Mt Albert community worker John Bustard is resigned to losing his home of 21 years after hopes were dashed for twin tunnels for the Waterview motorway.
The Hendon Ave resident and Justice of the Peace said yesterday he had begun perusing brochures for retirement villages as he was approaching 65 and was tired of uncertainty over the years caused by successive proposals for the final 4.5km link in Auckland's western ring route.
"I have been involved in community groups for probably 10 years and will believe this thing is going ahead only when I see the first sign of diggers, because I have experienced at least four schemes," he said.
Mr Bustard and his neighbours thought they were out of the woods when the former Transit NZ announced a $1.89 billion scheme last year to dig deep-bored twin tunnels all the way from Richardson Rd in Owairaka to the Northernwestern Motorway at Waterview.
But after the construction estimate rose to $1.98 billion and the Treasury added $550 million in assumed debt-financing, the Government pulled the plug this week on the twin tunnels.
The Transport Agency has since unveiled another scheme, a cheaper surface-underground version including a 700m tunnel from just south of New North Rd to the northern end of Blockhouse Bay Rd and a covered trench for 1.1km through Waterview to the Northwestern Motorway. That is expected to cost $1.165 billion without counting an extra $240 million to widen the Northwestern to cope with extra traffic from Waterview.
Although the tunnel is up to 40m deep, Mr Bustard expects his property will be bulldozed to construct its southern portal, where one of three towers will be built to vent motorway traffic fumes into the atmosphere.
Residents at the tunnel's northern end were less certain on the impact on their properties.

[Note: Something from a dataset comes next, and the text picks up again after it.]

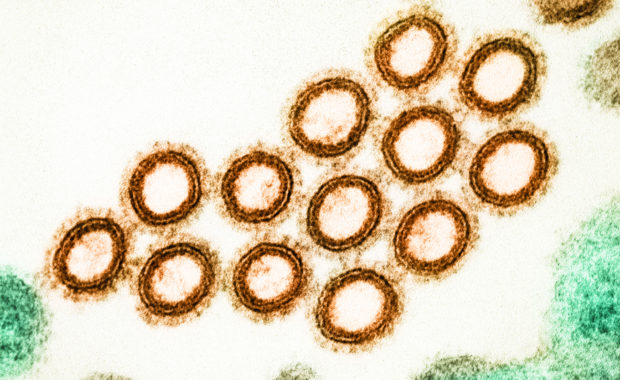 swine flu history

The Transport Agency says that since announcing the latest scheme on Wednesday it has begun negotiations to buy three more properties on a "willing seller" basis to add to 126 houses it already owns along the route.

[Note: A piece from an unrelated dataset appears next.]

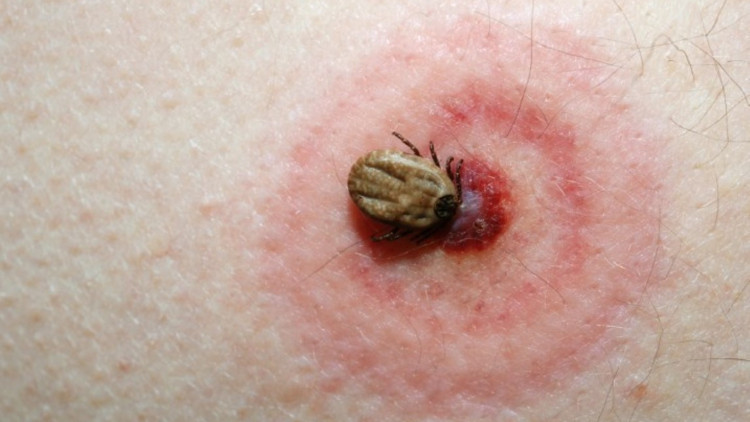 Lyme hastalığı nedir Belirtileri ve tedavi yöntemleri nelerdir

It needs up to 365 properties. It will hold information open days from early next month, before its board decides in August whether to build the motorway.
Resource consent applications will be lodged early next year, and the agency hopes to gain statutory approval in time to start a four-year construction programme before the end of 2011. Agency chief executive Geoff Dangerfield said fair prices plus all removal expenses would be paid for properties according to market valuations, although he also acknowledged the depressed state of the market.